Thüringer Studenten arbeiten mehr
Sozialerhebung des Studentenwerks konstatiert Kostendruck durch steigende Mieten und zu wenig Bafög. Studierende finanzieren steigenden Lebensstandard selbst
Zwei Studentinnen betrachten Wohnungsanzeigen am Schwarzen Brett in der Mensa. Foto: M. Balk , dpa Erfurt. Um ihren Lebensunterhalt zu bestreiten, gehen immer mehr Thüringer Studenten neben dem Studium arbeiten. Der Anteil stieg in den vergangenen vier Jahren von etwa der Hälfte aller Studierenden auf knapp 60 Prozent, bundesweit liegt die Jobberquote bei fast 70 Prozent. Das ist das Ergebnis der 21. Sozialerhebung des Deutschen Studentenwerks (DSW). Danach habe jeder zehnte Studierende in Thüringen zwei und einige sogar drei Jobs. Am häufigsten sind Aushilfen in Kneipen, Fabriken oder Büros.
Bei der gestrigen Vorstellung des Gutachtens beklagte DSWPräsident Dieter Timmermann, dass die Erwerbstätigenquote an Universitäten 2016 so hoch sei wie noch nie, Fachhochschulen lägen nur leicht darunter. Studenten stünden unter wachsenden finanziellen Druck vor allem durch Mietkosten und zu niedrige staatliche Unterstützung. Die Zahl der Bafög-Empfänger sank in Thüringen seit 2012 um zehn Prozent auf unter ein Drittel. Vielfach verhindert die Höhe des Einkommens der Eltern die Förderung. Viele Studenten geben an, sie in Erwartung einer Ablehnung gar nicht zu beantragen.
„Weil das Bafög nicht ausreicht, kompensieren das die Studierenden mit vermehrter Erwerbstätigkeit, und die Eltern müssen sie stärker unterstützen“, sagt Timmermann. Das Studentenwerk plädiere für eine regelmäßige Erhöhung der Bafög-Sätze. Ein Bund-LänderHochschulsozialpakt sollte mehr preisgünstigen StudentenWohnraum schaffen. Das Bundesbildungsministerium betonte, die Erhebung spiegele noch nicht die positiven Auswirkungen der Bafög-Erhöhung auf bis zu 735 Euro von 2016 wieder.
Insgesamt steht Studenten heute mehr Geld zur Verfügung als vor vier Jahren. Noch immer kommt der größte Anteil von den Eltern. Jeder dritte erhält bis zu 600 Euro. Allerdings stieg auch die Zahl derer mit mehr als 1000 Euro im Monat deutlich an. Durch Erwerbstätigkeit verdienen sich die Studierenden im Schnitt zwischen 100 und 500 Euro hinzu. Positive Auswirkungen auf die Höhe des Nebenverdienstes hat nicht zuletzt der Mindestlohn, den jeder dritte Studentenjobber erhält.

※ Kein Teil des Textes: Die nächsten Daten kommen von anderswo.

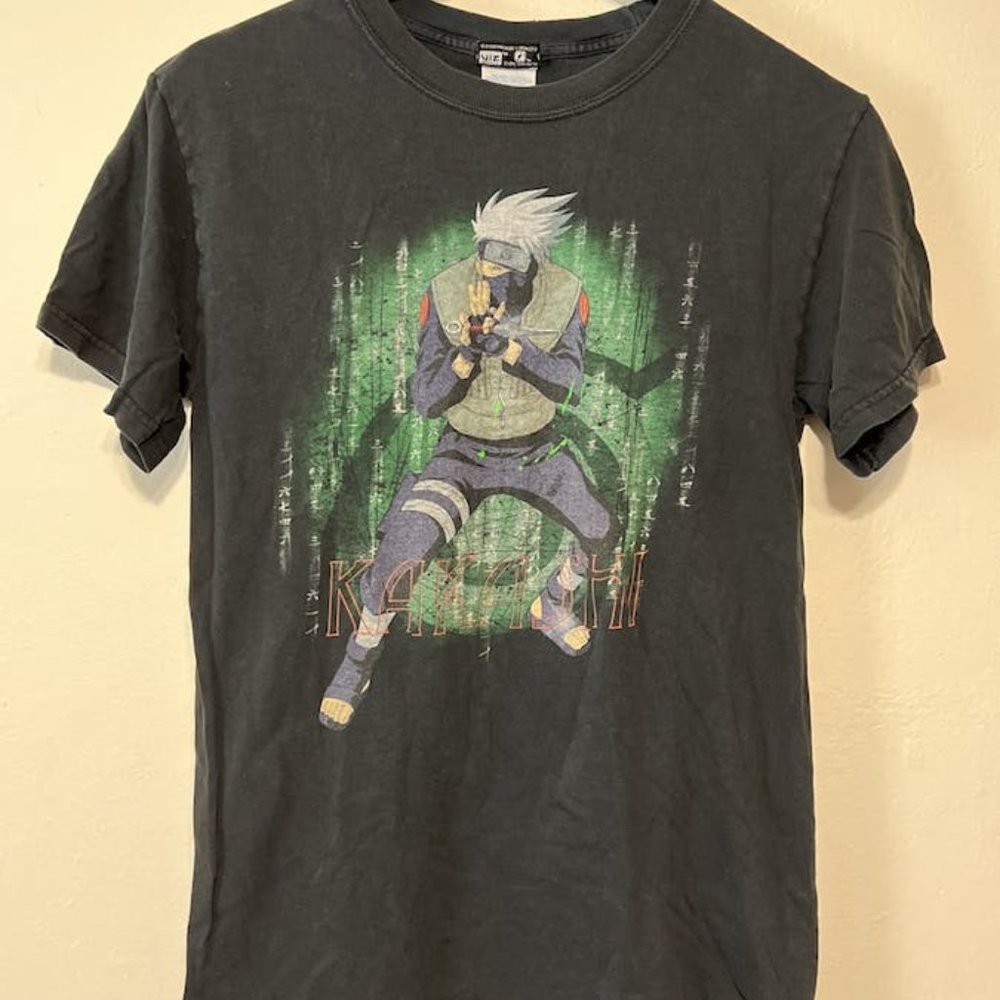 Vintage 2002 Naruto Kakashi t Size s Distressed Faded
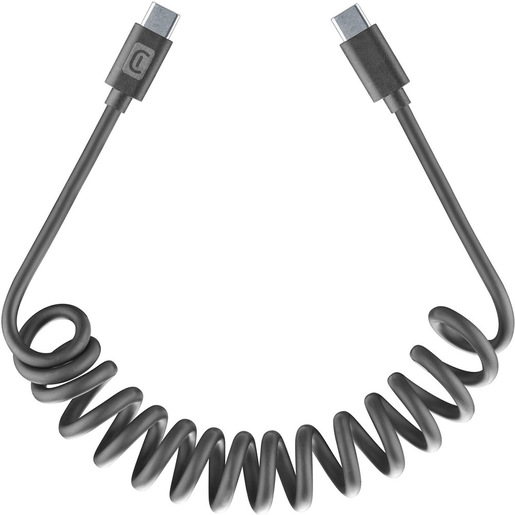 Image of Cellularline USB-C Spiral Cable Cavo spiralato estendibile fino a 120 cm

Die Mehrheit der Studenten ist mit der eigenen finanziellen Situation zufrieden. Entsprechende Fragen, ob die finanziellen Mittel ausreichen, um die Ausgaben zu decken und ob die Finanzierung des Lebensunterhaltes während des Studiums sichergestellt werden kann, beantworten mehr als zwei Drittel mit „trifft voll und ganz zu“. Nur jeder sechste Befragte räumt finanzielle Schwierigkeiten ein.
Insgesamt zeigt die Sozialerhebung einen generell gewachsenen Lebensstandard. Waren laufende Ausgaben für ein Auto 2012 noch eine Seltenheit, finanzieren inzwischen deutlich mehr Studierende einen fahrbaren Untersatz. Die Ausgaben für Lebensmittel und Mensa sanken, die für Lern- und Kommunikationsmittel wie Internet und Handy stiegen leicht an. Nicht einmal die Hälfte der Thüringer Studenten bezahlt seine Krankenversicherung selbst.
Parallel zur Sozialerhebung veröffentlichten das MosesMendelssohn-Institut und das Immobilienportal „WG-Gesucht“eine Studie zu Mietpreisen für Studentenunterkünfte. „Schon ein Platz in einer Wohngemeinschaft liegt mit derzeit 353 Euro deutlich über der Bafög-Wohnkostenpauschale von 250 Euro“, sagt Institutssprecher Wolfgang Ludwig. Teuerste Stadt ist München mit 570 Euro. In Thüringen wurden dazu aktuell keine Daten erhoben.